MANILA, Philippines — Philippine police officials on Wednesday filed criminal complaints against Vice President Sara Duterte and her security staff for allegedly assaulting authorities and disobeying orders in a recent altercation in Congress.
The criminal complaints filed by the Quezon City police were separate from any legal action that may arise after she publicly threatened to have President Ferdinand Marcos Jr., his wife and the speaker of the House of Representatives assassinated if she were killed herself in an unspecified plot. She has not provided details of that plot.
A presidential adviser, Larry Gadon, separately filed a Supreme Court petition on Wednesday to disbar the vice president as a lawyer, citing her assassination threats, which he said were ''illegal, immoral and condemnable.''
The Marcos administration's legal offensive against Duterte, her father and their allies is a critical juncture in a conflict that has seethed over the last two years between the two most powerful families in the Philippines.

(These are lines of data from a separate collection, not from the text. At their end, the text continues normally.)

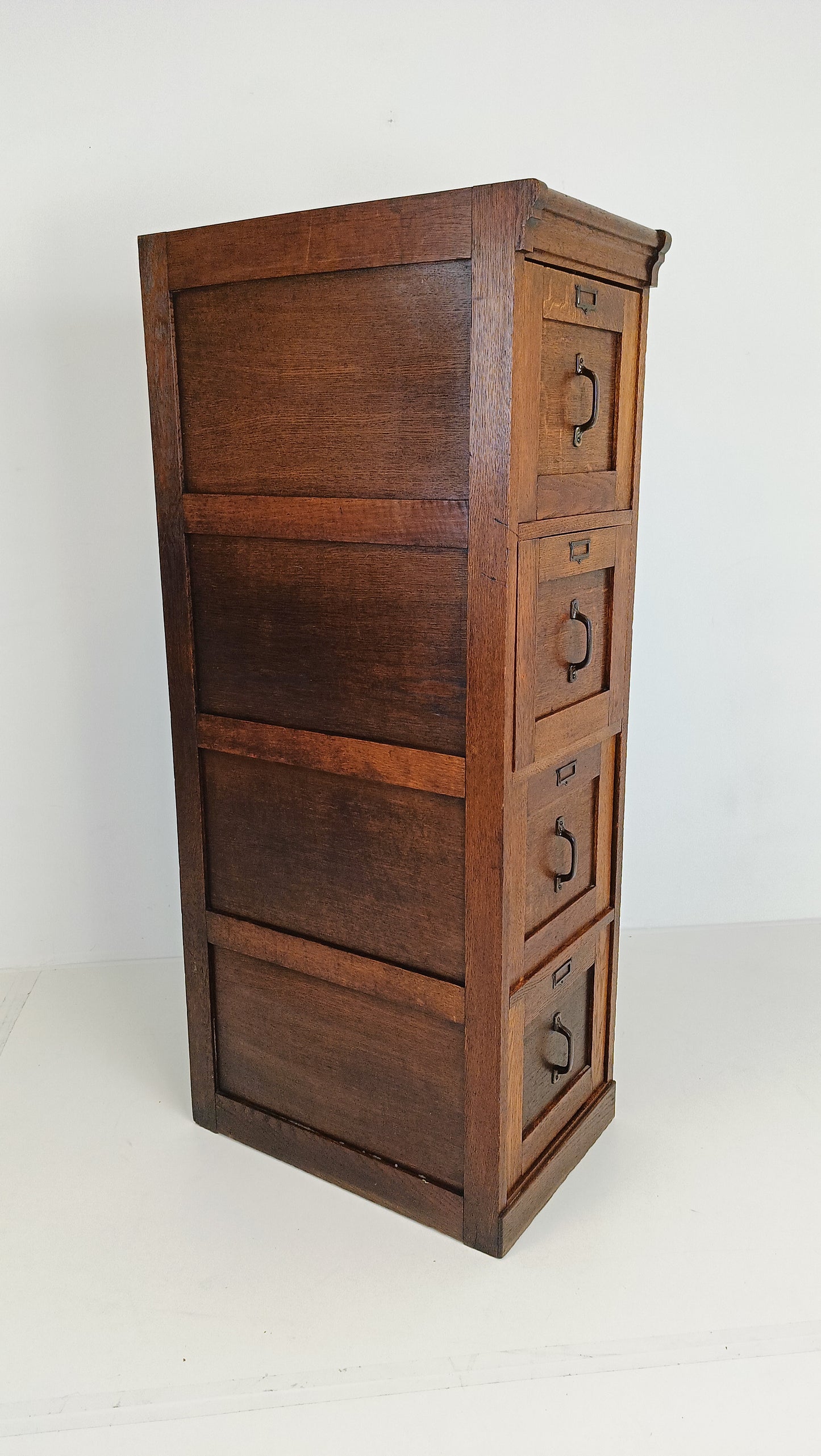Antique Oak File Cabinet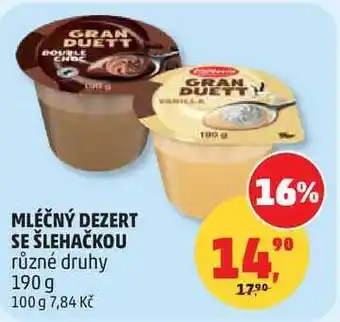 Penny Market MLÉČNÝ DEZERT SE ŠLEHAČKOU různé druhy nabídka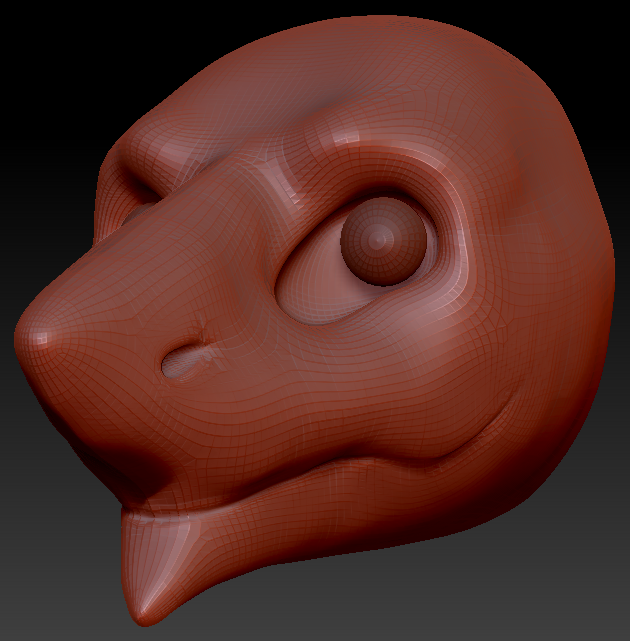 Realistic Southern Sergal Head Base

Speaking in a news conference, the vice president broadly denied and played down the criminal complaints, allegations and potential lawsuits against her, including a possible impeachment case and an alleged violation of the country's anti-terror law. She said the government actions were aimed at removing her from office, freezing her properties and bank accounts and barring her from traveling abroad.
Duterte said without elaborating that the danger to her life was real but added that the threats she made were not actual and illegal.
''This is really oppression and harassment for remarks taken out of logical context,'' Duterte said. She also said in response to a question that she no longer thought a reconciliation with the president was possible.
''I really believe that we have reached a point of no return,'' she said.